-------- Exercise input --------

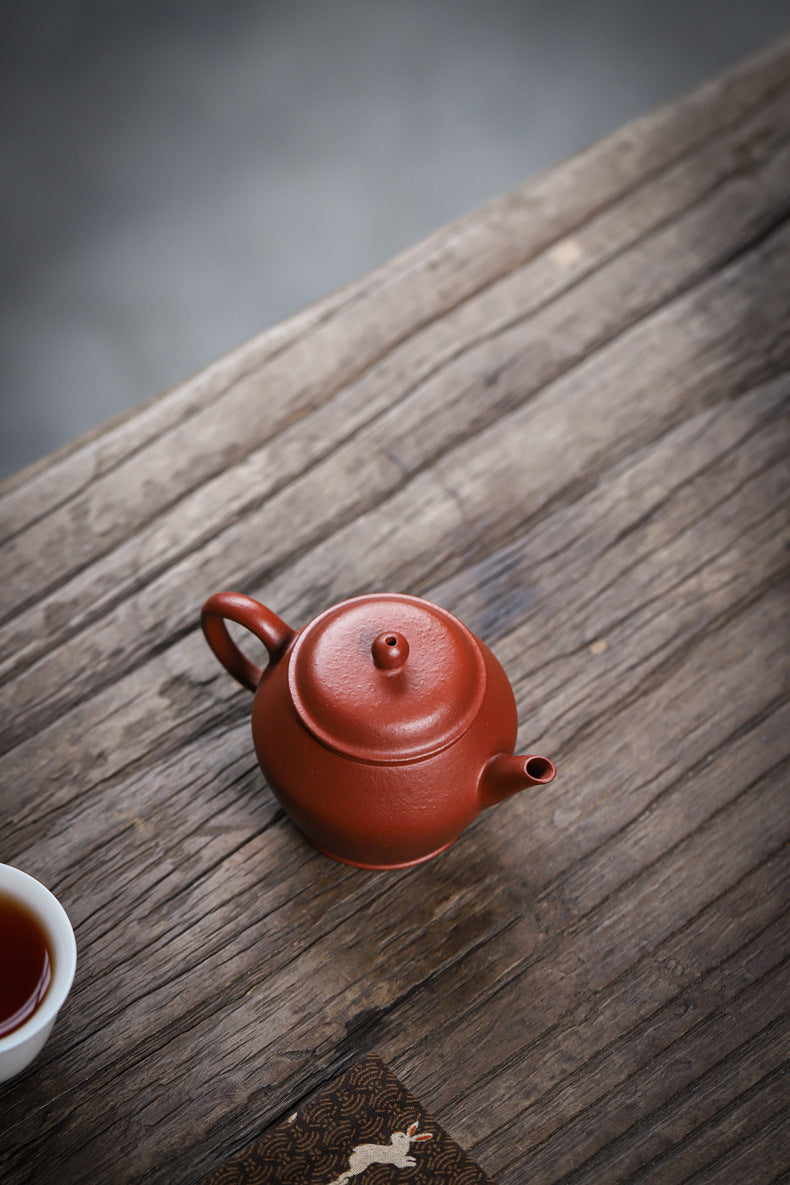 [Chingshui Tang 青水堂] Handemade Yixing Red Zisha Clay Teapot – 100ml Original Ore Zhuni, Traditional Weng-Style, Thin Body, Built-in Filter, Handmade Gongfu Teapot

--------
-------- Exercise input --------

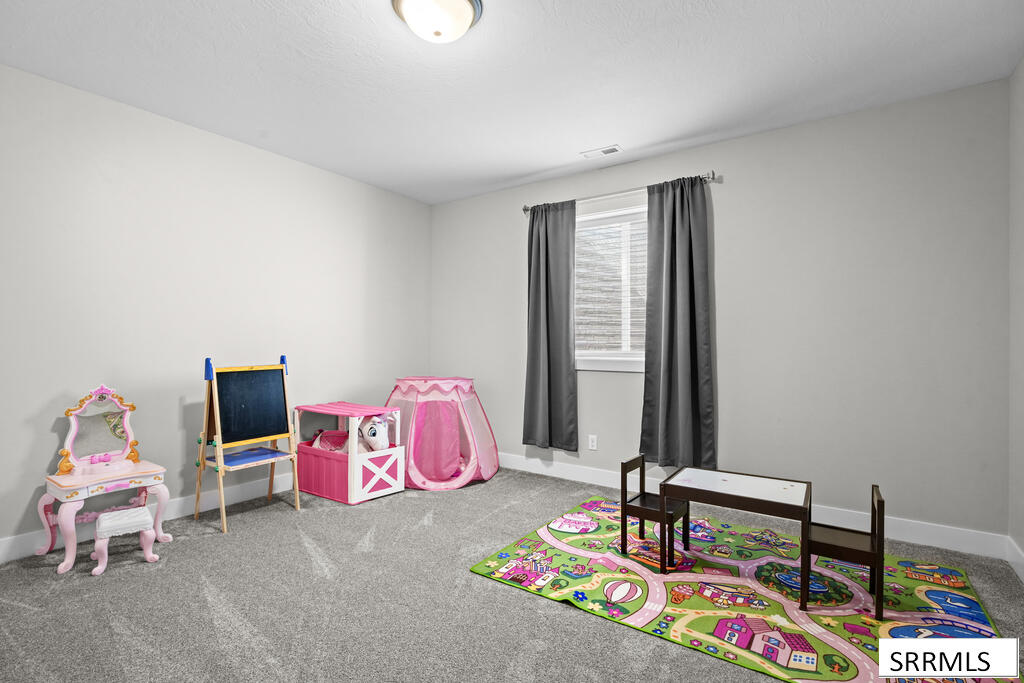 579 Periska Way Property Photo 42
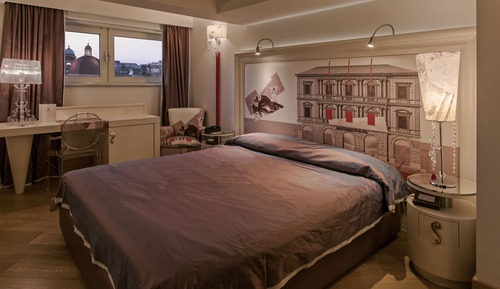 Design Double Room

--------

For the data above, set down exactly the lines from the line with "579 Periska Way Property Photo 42" to the line with "Design Double Room", both included, leaving pictures out.

 579 Periska Way Property Photo 42
 Design Double Room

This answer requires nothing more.